Okay, so this was mostly super's idea. But, in an IM conversation, I started talking about my field of interest in future studies - the effects of internet phenomenons such as memetic mutation and the decentralization of newsmaking in high-scale communication - and it turned into a general conversation about the field of communication, particularly the journalistic industry, its direction, its problems and its possibilities. I've a lot of interest on the subject, but not too much information other than simple theory-making from casual observation. For an idea, I think this excerpt for the conversation can be a decent starter.
[00:28] <Hello-WheelchairWaddleDee> Well.
[00:28] <Hello-WheelchairWaddleDee> The journalist medium is an industry, right?
[00:29] <Hello-WheelchairWaddleDee> It's also an industry with very close ties to political power.
[00:29] <superaielman> Oh.
[00:29] <Hello-WheelchairWaddleDee> When the main instrument of power of an industry leaks into the public widespread, how can it maintain its power and relevance?
[00:30] <superaielman> The days of the gentlemen's agreement are long over. Where it goes from here is interesting. All this news doesn't mean it's good or even informative news.
[00:30] <Hello-WheelchairWaddleDee> Exactly.
[00:31] <Hello-WheelchairWaddleDee> The immediate effect is that the industry-given news now have to fight for space with news that aren't any more or less informative or good in practice, since the journalistic credo of objectivity simply doesn't pan out in reality.
[00:31] <superaielman> MAYBE IT'LL BE LIKE JOHNNY MEMONIC!!!
[00:32] * Hello-WheelchairWaddleDee burns Keanu Reeves.
[00:32] <Hello-WheelchairWaddleDee> Ahem.
[00:33] <Hello-WheelchairWaddleDee> But the bottom line is that, with its main instruments leaked into the public, and little to no backup to maintain a stranglehold, the very purpose of journalism becomes hard to justify, especially considering how much it deviated from its intent back in the French Revolution.
[00:33] <superaielman> I think there's going to be a market for good, objective news in the end of the day. WHy has CNN's ratings gone up in recent years?
[00:34] <Hello-WheelchairWaddleDee> Oh, I certainly can agree.
[00:34] <Hello-WheelchairWaddleDee> However, the role of journalism also has to be rethought.
[00:34] <Hello-WheelchairWaddleDee> It can't be just provide news anymore.
[00:34] <Hello-WheelchairWaddleDee> And it'll also need to reconsider how strongly it borrows from other study fields.
[00:35] <superaielman> More than ever it has to provide news from a trustworthy source. Crediblity can be blown in a day and takes decades to build up.
This excerpt sorta sums up my questionings in a surface level.
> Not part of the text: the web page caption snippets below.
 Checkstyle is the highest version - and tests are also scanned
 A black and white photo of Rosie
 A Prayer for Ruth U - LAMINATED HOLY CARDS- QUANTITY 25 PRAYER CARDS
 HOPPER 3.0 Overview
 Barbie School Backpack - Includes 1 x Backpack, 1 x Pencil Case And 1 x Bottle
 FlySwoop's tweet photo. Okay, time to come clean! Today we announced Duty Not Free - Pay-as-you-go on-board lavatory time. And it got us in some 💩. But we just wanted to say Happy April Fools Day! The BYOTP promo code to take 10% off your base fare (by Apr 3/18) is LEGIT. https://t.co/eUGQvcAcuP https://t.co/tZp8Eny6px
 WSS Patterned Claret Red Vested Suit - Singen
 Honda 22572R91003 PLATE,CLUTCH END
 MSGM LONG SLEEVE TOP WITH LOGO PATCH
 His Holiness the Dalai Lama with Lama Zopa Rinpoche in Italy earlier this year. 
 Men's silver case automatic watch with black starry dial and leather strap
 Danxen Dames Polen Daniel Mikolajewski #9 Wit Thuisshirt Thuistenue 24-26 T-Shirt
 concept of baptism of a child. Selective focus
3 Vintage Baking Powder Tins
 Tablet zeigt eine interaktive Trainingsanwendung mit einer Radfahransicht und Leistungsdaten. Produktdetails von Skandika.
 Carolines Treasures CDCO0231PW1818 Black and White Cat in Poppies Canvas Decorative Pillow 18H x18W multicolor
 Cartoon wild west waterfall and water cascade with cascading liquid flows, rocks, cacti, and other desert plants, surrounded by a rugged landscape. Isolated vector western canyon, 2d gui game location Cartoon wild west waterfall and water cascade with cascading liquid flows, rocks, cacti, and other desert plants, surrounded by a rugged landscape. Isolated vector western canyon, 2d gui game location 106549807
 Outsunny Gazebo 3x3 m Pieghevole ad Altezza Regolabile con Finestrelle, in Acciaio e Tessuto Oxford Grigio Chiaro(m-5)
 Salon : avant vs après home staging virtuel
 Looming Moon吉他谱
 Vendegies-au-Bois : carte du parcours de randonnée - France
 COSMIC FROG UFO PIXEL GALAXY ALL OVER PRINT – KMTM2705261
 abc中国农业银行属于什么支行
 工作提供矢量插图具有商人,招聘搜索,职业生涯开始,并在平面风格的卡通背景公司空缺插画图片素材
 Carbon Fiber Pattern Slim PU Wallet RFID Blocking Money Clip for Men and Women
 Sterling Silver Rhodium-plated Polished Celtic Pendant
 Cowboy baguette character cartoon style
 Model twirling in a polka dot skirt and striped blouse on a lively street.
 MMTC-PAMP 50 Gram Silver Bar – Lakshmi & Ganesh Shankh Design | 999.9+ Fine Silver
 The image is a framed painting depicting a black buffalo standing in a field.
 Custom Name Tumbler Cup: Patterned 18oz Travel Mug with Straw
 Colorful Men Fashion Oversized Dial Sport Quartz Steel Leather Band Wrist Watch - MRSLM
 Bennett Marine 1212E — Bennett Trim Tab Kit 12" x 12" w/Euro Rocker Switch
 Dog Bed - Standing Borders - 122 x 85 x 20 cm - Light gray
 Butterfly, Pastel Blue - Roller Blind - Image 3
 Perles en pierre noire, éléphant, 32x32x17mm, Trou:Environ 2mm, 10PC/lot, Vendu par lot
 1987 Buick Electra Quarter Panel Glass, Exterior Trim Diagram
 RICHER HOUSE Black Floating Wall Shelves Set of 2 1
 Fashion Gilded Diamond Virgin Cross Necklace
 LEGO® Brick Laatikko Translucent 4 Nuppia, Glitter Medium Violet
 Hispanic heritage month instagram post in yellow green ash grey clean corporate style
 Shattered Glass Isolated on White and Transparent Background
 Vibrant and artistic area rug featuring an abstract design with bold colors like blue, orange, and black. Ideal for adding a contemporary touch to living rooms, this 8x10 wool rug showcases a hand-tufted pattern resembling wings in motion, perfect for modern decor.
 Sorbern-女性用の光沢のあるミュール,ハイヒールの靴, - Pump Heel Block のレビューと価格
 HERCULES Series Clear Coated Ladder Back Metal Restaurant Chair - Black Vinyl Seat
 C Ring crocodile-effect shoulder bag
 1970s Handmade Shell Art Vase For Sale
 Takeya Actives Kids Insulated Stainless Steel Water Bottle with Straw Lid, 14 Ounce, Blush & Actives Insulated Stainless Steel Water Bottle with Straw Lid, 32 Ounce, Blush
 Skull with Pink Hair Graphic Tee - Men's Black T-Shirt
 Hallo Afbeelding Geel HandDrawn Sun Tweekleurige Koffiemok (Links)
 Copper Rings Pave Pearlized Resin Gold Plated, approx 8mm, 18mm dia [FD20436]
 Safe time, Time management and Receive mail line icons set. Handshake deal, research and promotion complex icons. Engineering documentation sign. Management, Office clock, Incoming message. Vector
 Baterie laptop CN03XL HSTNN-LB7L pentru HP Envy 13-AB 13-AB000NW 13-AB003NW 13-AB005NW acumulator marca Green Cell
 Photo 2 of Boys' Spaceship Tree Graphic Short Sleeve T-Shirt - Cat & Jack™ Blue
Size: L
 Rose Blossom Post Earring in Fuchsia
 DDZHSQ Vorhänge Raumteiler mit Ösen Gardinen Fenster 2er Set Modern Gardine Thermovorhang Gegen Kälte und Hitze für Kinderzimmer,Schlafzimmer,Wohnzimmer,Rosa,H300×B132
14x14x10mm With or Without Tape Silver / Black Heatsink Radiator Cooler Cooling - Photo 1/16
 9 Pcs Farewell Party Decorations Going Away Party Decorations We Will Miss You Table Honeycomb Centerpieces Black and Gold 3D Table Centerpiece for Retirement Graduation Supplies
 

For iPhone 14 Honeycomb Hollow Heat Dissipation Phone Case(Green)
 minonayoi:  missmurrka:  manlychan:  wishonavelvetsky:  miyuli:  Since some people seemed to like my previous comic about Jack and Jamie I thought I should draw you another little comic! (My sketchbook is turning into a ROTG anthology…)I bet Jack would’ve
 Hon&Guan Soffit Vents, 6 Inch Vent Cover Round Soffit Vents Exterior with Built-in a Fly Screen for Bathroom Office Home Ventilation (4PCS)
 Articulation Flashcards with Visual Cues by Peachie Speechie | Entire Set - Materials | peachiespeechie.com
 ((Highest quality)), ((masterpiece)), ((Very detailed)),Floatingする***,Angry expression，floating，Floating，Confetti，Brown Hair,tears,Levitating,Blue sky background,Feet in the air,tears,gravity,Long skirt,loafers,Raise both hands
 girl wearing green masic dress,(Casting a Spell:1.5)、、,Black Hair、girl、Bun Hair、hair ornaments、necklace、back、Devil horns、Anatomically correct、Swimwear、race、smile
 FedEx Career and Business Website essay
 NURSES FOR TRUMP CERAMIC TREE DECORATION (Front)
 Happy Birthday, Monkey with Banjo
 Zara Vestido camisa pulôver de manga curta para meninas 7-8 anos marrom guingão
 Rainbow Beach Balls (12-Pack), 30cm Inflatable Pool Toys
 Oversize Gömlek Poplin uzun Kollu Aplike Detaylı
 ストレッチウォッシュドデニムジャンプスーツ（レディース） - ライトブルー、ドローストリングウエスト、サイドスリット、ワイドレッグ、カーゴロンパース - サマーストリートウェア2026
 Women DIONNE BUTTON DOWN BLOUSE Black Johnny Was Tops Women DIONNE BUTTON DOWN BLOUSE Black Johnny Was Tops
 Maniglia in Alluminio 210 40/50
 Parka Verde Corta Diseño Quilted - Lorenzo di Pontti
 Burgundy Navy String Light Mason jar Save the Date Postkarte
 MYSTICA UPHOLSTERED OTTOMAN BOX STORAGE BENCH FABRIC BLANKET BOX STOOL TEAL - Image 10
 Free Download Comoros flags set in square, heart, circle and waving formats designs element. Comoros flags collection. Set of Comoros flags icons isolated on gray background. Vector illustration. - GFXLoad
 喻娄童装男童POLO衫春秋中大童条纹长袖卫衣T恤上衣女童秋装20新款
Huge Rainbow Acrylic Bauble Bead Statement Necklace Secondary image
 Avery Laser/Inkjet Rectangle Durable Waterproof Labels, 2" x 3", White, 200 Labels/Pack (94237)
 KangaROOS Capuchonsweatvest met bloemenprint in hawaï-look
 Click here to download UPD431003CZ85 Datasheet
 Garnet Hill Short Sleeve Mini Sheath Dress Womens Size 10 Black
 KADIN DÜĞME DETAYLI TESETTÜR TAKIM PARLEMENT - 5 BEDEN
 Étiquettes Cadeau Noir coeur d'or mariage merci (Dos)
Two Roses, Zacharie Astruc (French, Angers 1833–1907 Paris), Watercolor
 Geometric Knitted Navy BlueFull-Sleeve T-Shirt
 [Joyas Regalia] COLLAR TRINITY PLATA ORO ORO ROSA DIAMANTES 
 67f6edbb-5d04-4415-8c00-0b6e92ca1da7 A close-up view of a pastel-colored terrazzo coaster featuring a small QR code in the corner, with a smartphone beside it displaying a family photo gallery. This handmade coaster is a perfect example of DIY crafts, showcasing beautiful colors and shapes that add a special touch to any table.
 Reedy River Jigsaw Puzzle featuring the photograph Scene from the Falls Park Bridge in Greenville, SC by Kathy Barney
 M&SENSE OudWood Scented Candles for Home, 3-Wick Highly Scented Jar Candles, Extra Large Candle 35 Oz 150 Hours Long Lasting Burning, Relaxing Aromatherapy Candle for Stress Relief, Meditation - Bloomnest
I think that the consideration on rethinking the role of the news industry is pretty big a deal - something it needed to do decades ago, and still struggles to even begin without hitting stumps - for starters, many don't even consider journalism a scientific study field, and it academically suffers from its heavily hybrid nature - it borrows elements from literature, history, philosophy, sociology and politics, but doesn't seem to create its own body easily.
Then, there are the matter-of-fact issues on the actual newsgiving: credibility? Freedom of choice over news? The responsibility on the portrayal (or reshaping, at a logical extreme) of reality to a public that now has the possibility to use the same tools as the industry to create the same effect, only without the same sense of scale? There's a lot of stuff to think about, and it often gets blurred. And the new media puts the very purpose of journalism in check - why have a field to the passing of news when this is now highly accessible to an uneducated citizen?
So, yeah, I'm mostly throwing this out for gathering ideas, thoughts and theories on the overall post-modern media subject. Hope it's not too vague, and that this gets some interest.